Three is Better Than Two

No, I’m not turning this into an erotica blog to boost readership.  Reviewing some rehearsal images from the Elite Theatre Company’s production of Funny Money, I noticed that images with three distinct subject elements were more compelling than those with two.

I’ve read that odd numbers of elements work better than even numbers, but the truth of this jumped out from these otherwise similar images.  With two or four elements in the image, the elements pair up and create a sense of stasis, whereas three or five elements create a different visual dynamic, urging our eye to explore the relationships. More and more, I’m looking for triangles. (And yes, if I called the triangles “threesomes,” I’d generate a lot more web traffic)

A lot of my theater photos used to look like this, because I feel it is important to capture some sort of interaction. It is, but in this case we follow the actors' eyes to the blank space between them, and we're done looking at the picture. If Frank was holding the champagne bottle up higher, it might serve as a third visual element that causes a viewer's eye to linger.

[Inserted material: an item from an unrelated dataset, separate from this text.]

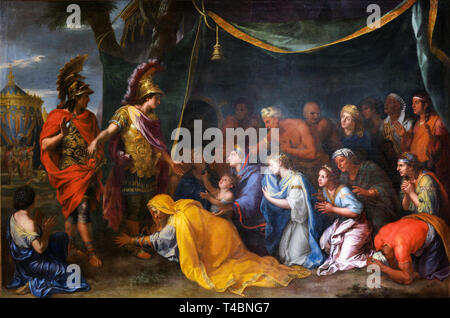 Alessandro il Grande dipinto, Charles Le Brun, Queens della Persia ai piedi di Alexander, chiamato anche la tenda di Dario, xvii secolo Foto Stock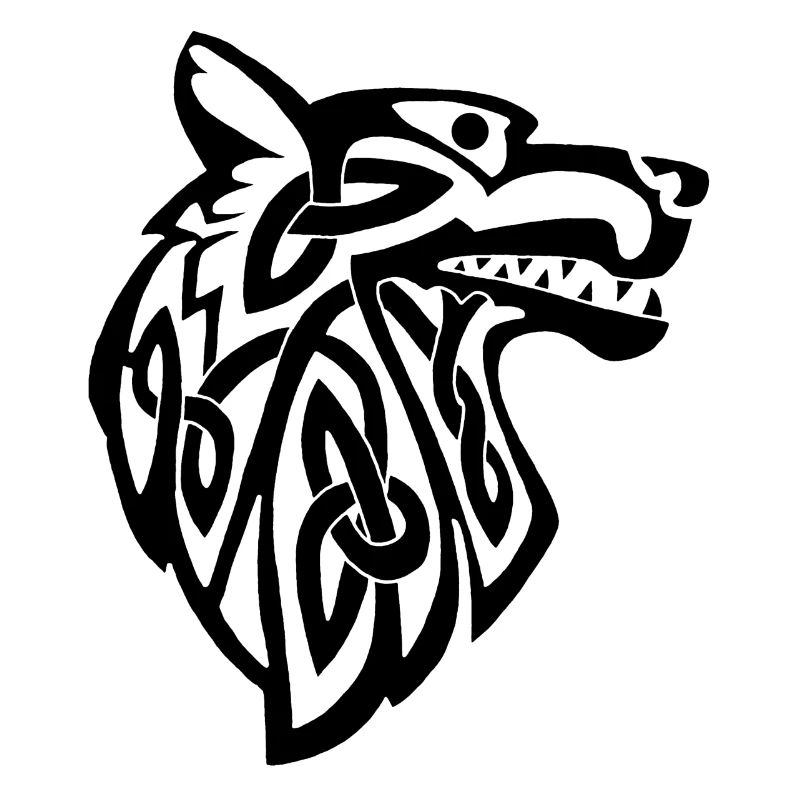 Wolf schwarz Wikinger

Here, the briefcase provides a different point of interest for both the woman in the picture and the viewer of the photo. What does she see? Why does he want her to see it? There's a sense of triangulation in the more compelling photos from this shoot. What is the relationship of each element to the other elements?


A woman lunging at a surprised man, tells one story. Is the second woman trying to stop her or assisting her? I'm not sure it matters. In this case, I think the bottle is the third element, and tells much of the story. The second woman is part of a linear composition, but the bottle creates an interesting triangle.


This image fails for a number of reasons. We don't know what the two men are looking at, but the linear nature of the composition is what really holds it back. If the gun were thrust forward to triangulate the composition, it would help a lot.

Here, we still don't know what what they are looking at, but the dynamic changes as the woman directs our attention to the apparent hostage situation. Note the multiple triangles: the three faces; Man, woman, briefcase; Man, woman, gun; Man, man, gun. Etc.

Photo editors gravitate toward this image partially because of the big and little triangles: Man, woman, briefcase; man, woman, cash-in-hand. This could be cropped at her waist and still work, but it works better with both triangles.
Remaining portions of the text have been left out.